Following are four overlapping articles on the threats of Venezuelan president Hugo Chávez that private schools must fit themselves into the national system on matters such as curriculum. If they do not, he declares, they may face sharp government action. Critics see the pronouncements as reckless leftism and a major threat to autonomy, freedom, and quality.

For the full stories, see, La Tercera, September 17, 2007, "Chávez amenaza con estatizar colegios privados venezolanos,"; Associated Press, September 17, 2007, "Chavez Threatens to Take Over Schools," by Sandra Sierra; The Guardian, "Venezuela's Chavez Warns Private Schools," by Ian James; NY Times, September 18, 2007, "Chávez Warns Private Schools Not to Resist His Inspectors," by The Associated Press.

PROPHE Observation:

 President Chávez's threats and the outrage expressed by his political opposition fit a now years' long pattern of political struggle in Venezuela. Chávez is hostile to many features of a market economy and is commonly labeled a socialist or populist or both. His support comes mostly from the lower socioeconomic classes. The president's statements do not clearly spell out the scope of what he threatens but the articles indicate the inclusion of higher education and religious educational institutions.
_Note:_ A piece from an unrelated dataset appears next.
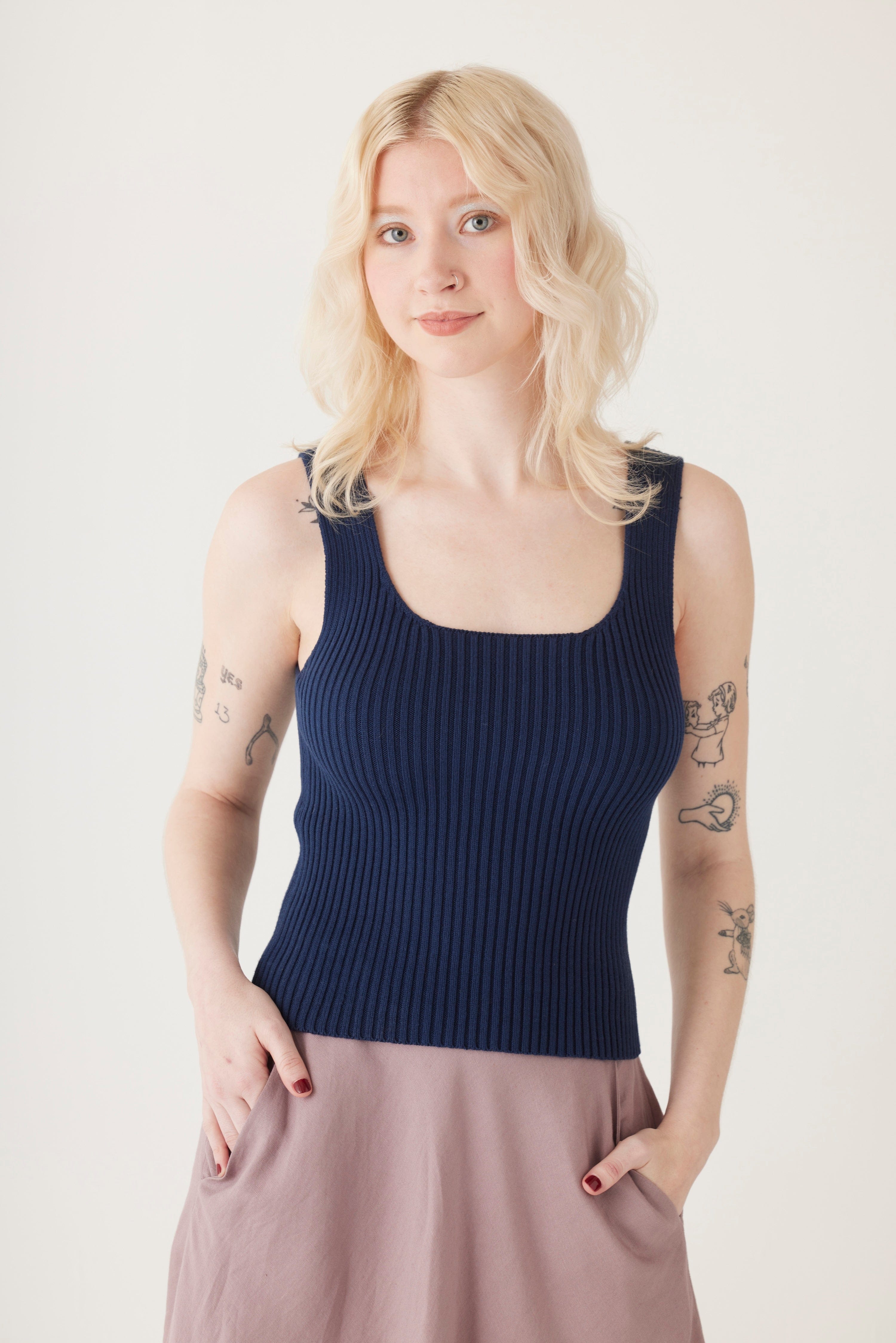 Kate Rib Tank in Pima Cotton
Much of Chávez's political base is not prevalent in higher education, setting up a targeting of higher education as elitist. There is a surge of radical leftist politics in a few Latin American countries, such as Bolivia, as the electorate rebels against the market-oriented and U.S.-oriented policies of recent governments. Since the mid-twentieth century there have been a few precedents in the region of government antipathy to private education. Results have depended largely on the radicalism and power of the regime. Thus, notwithstanding major political battles and some hostile policies, private education under socialists Allende in Chile (early 1970s) and Ortega in Nicaragua (early 1980s), was largely able to defend itself. Under Castro, on the other hand, that has not been the case, and, as in other Communist regimes, private universities could not survive.